Wieder möchte ich weiterdenken als nur bis zum Umgang mit den Vorlieben, wenn ich sie denn kenne. Ich möchte aktiv dazu einladen, darüber mit mir zu sprechen, rechtzeitig vorher, und dann Optionen parat haben. Wenn jemand allein zur Konferenz reisen möchte und nicht in der Gruppe – ok, natürlich! Was ist an Logistik zu beachten?
Wenn jemand gewisse Aufgaben nicht gern oder nicht gut macht und dadurch bei anderen mehr Arbeit liegen bleibt dann muss ich mir überlegen, was das bedeutet und wie wir das kompensieren können.
Wo sollte die Person dazulernen oder aus der Komfortzone rausgehen?
Wo sollten wir Rücksicht nehmen, und was für andere Aufgaben kann die Person dann übernehmen, damit es insgesamt fair bleibt? All das trägt dazu bei, dass wir überhaupt frühzeitig darauf eingestellt sind und Leute sich trauen, so etwas anzusprechen. - Auch die Studis brauchen Unterschiedliches. Es reicht nicht, daraus zu lernen, dass in der letzten Klausur eine gewisse Formulierung ganz oft missverstanden wurde. Wenn wir als Team schon so divers sind, dann können wir uns auch anstrengen und uns fragen: Wo gibt es noch Potential für Fehler und Missverständnisse? Was können wir vorher schon besprechen, üben, im Gespräch mit den Studis klarer machen? Wie etablieren wir möglichst früh mit den Studis eine Kultur, in der sie ganz selbstverständlich ansprechen, wenn sie Aufgabenstellungen unklar finden oder Bewertungsmaßstäbe nicht transparent genug?
Wo überall können wir Fehlerkultur üben und dadurch das Vertrauen aufbauen, dass alles gehört wird und Offenheit oder kritische Nachfragen nicht bestraft werden?

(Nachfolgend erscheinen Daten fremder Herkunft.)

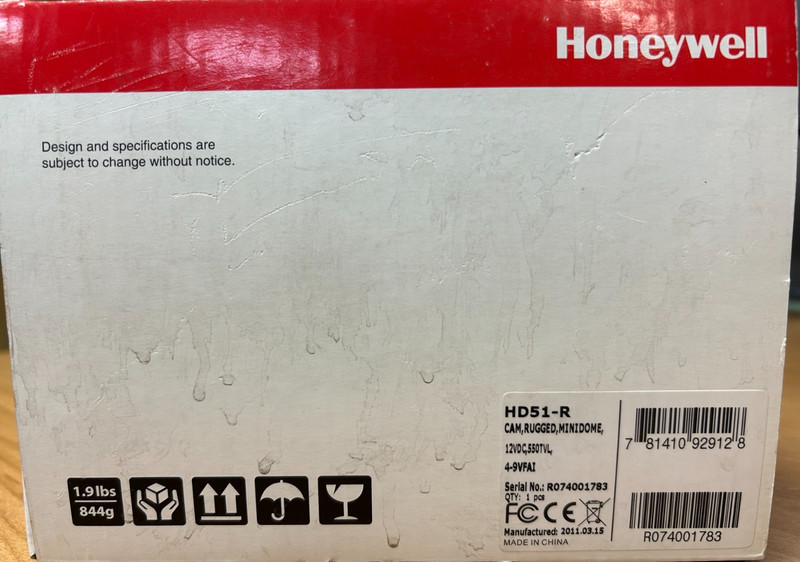 Honeywell HD51-R Surveillance Dome Camera gallery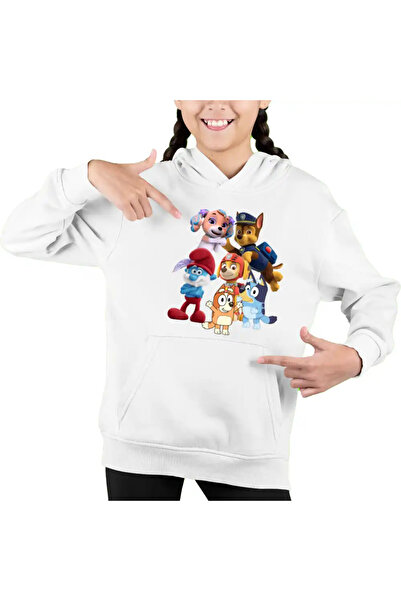 OEM Hanorac Copii Fete Paw Patrol Bluey Blue Bingo Papa Strumf Sirena Coral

Die Leitfrage, die die Beispiele verbindet und die ich mir jetzt immer öfter stelle, ist die: Was ist nötig, damit die betroffenen Personen überhaupt auf die Idee kommen, dass es einen Raum für ihr Bedürfnis gibt, ihre Fragen, einen Sonderwunsch? Ich kann als Teil eines Teams sagen, dass ich auf einer Konferenz nicht für das abendliche Unterhaltungsprogramm zuständig sein möchte und kann das ggf. auch begründen. Eine andere Person hat vielleicht auch eine Vorliebe oder Abneigung bei gewissen Aufgaben, kommt aber gar nicht auf die Idee, dass es eine Option sein kann, das zu äußern. Das muss vielleicht jemand vormachen (Lernen durch Beispiel) oder eben explizit ansprechen. Beim üblichen „Brainstorming, was zu tun ist“, Aufgabenverteilung auf Zuruf oder Warten, wer sich wofür freiwillig meldet, kann sowas leicht untergehen. (Dementsprechend schrecklich finde ich das.)
Wo haben Sie das schon erlebt?
Wo wären Sie nicht auf die Idee gekommen, eine persönliche Vorliebe oder Abneigung anzusprechen und nach einer Veränderung zu fragen?
Wo könnten Sie das selbst mehr mitdenken?